IndexError: List Index Out of Range — What It Means and How to Fix It

IndexError: List Index Out of Range — What It Means and How to Fix It

The indexerror: list index out of range error is one of the most common errors Python developers encounter, whether they are writing their first loop or debugging a complex data pipeline. It has a clear meaning, and once you understand why Python raises it, you can fix it fast and prevent it from coming back. The error appears when your code tries to access a position in a list using an index number that does not exist in that list. Python lists are zero-indexed, meaning the first element is at index 0, not index 1. If your list has five elements but you ask for the element at position 5, Python raises this error because position 5 does not exist. This guide covers every form of the error, the code patterns that cause it, and the fixes for each one.
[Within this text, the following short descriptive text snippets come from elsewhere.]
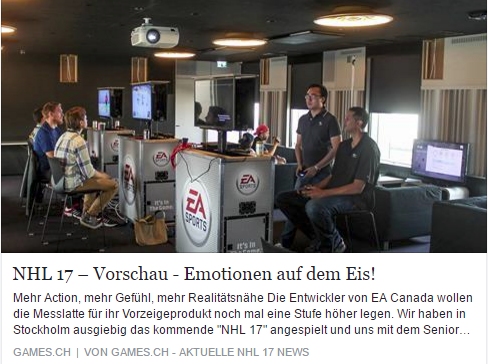 Games.ch - NHL 17 angespielt - Ulrich Wimmeroth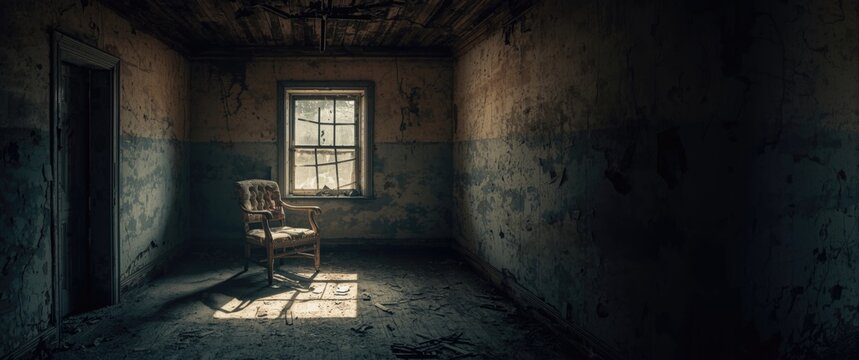 Abandoned Room with an Empty Chair and Dusty Sunlight Streaming Through the Window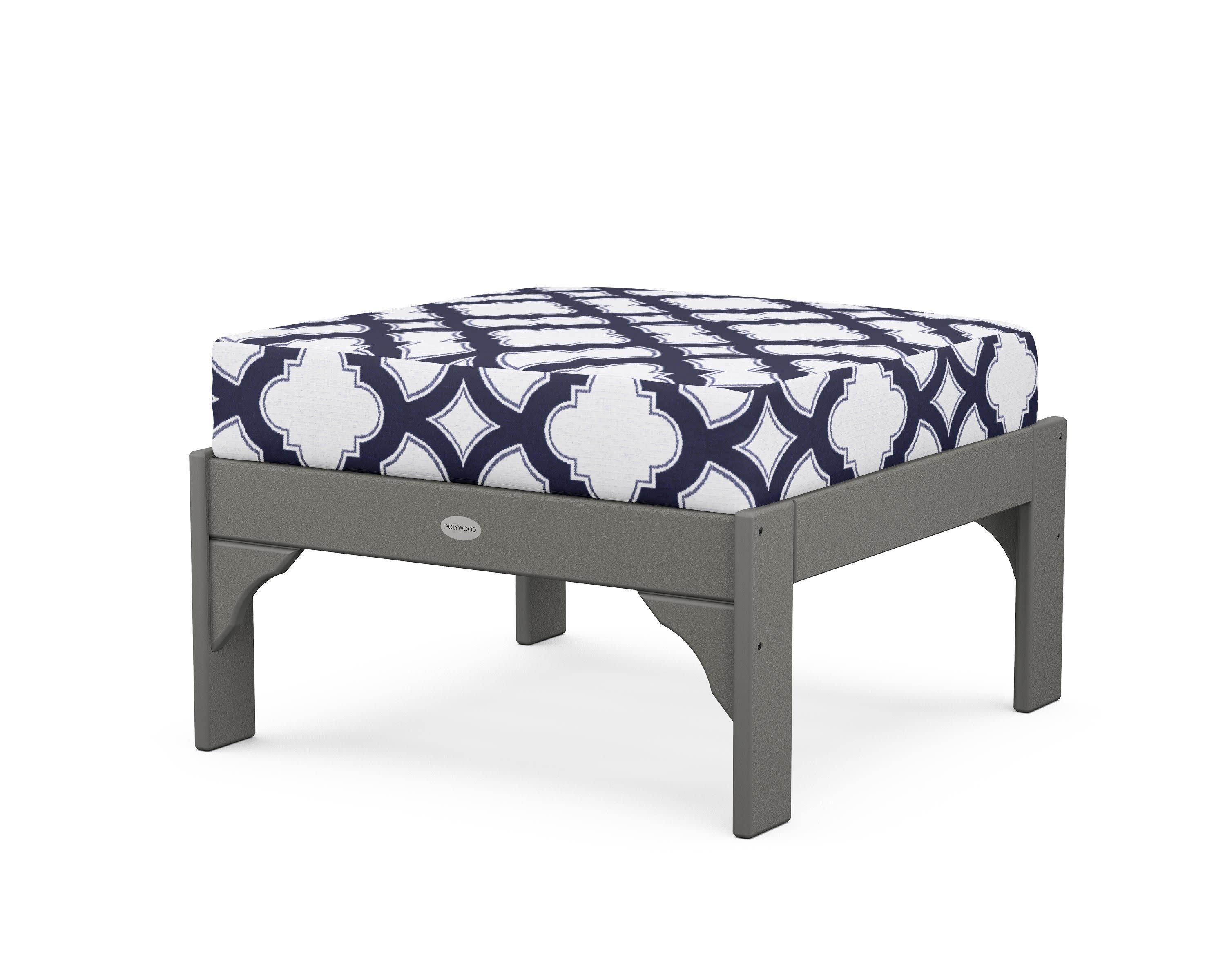 Vineyard Deep Seating Ottoman in Slate Grey / Trellis Navy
Why Python Raises This Error: The Core Concept

Python lists are ordered sequences. Each element sits at a numbered position called an index. The indexing starts at 0 and ends at the length of the list minus one.

fruits = ["apple", "banana", "cherry"]
# Index:      0          1         2
# len(fruits) = 3
# Valid indices: 0, 1, 2
# Invalid:       3, 4, any number >= 3

When you write fruits[3], Python looks for the element at position 3. That position does not exist. Python raises IndexError: list index out of range to tell you the index you used falls outside the valid range.

The same applies to negative indexing. Negative indices count from the end: fruits[-1] gives you "cherry", fruits[-3] gives you "apple". But fruits[-4] raises the same IndexError because there is no fourth-from-last element in a three-element list.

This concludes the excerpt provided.